So, let us be inspired. Let us be the opposite of Michelle Rhee. After all, if kids are creative problem solvers we can easily leverage that to allow them to "read" and "write" in many ways. If kids are creative collaborators we can help them learn to build networks for learning and discovery. If kids are caring humans we can give them a world to learn about. The technologies of this century make the mechanics of reading, writing, math easy, it is the creativity, the empathy, the collaborative skills which need the encouraging.

We need classrooms filled with the chaos of imagination, the chaos of 'in-progress' communication capabilities. The chaos of many different paths to learning. We don't need more tests, we don't need more "standards," we don't need more scripts. And we don't need more unified strategies.

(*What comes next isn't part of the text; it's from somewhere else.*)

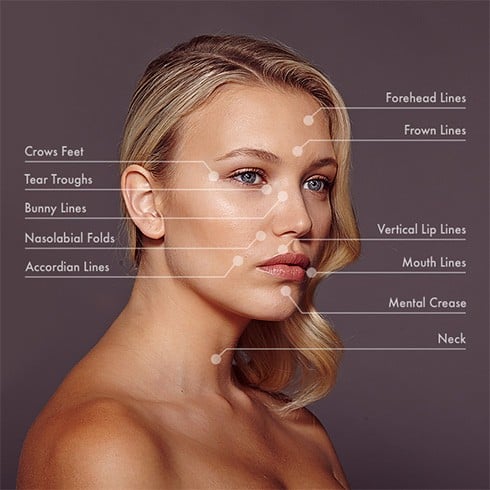 How To Prevent Crows Feet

Let us embrace a learning system which helps create adults who will change the world. We can do it. It isn't easy, but, Yes, we can.

- Ira Socol

05 November 2009

The Colonialism of Michelle Rhee or TFA v BoA

The conversation was challenging. In a Critical Studies conversation we had wandered to Michelle Rhee, the head of Washington DC's schools, TFA and Joel Klein/Mike Bloomberg graduate, Time Magazine's favorite educational leader.

I said, as I have before, that I believe her policies are racist and colonialist. That she is a "reductionist" regarding minority children, wanting (as Teach for America and KIPP do) to give them only the basics, to refuse to offer them the kinds of education offered to middle class white kids.

Rhee's own words: '"People say, 'Well, you know, test scores don't take into account creativity and the love of learning,'" she says with a drippy, grating voice, lowering her eyelids halfway. Then she snaps back to herself. "I'm like, 'You know what? I don't give a crap.' Don't get me wrong. Creativity is good and whatever. But if the children don't know how to read, I don't care how creative you are. You're not doing your job."'

As I've said before, when I see this stuff in Scarsdale, NY, Greenwich, CT, River Forest, IL, etc, I'll accept that it's a good educational strategy.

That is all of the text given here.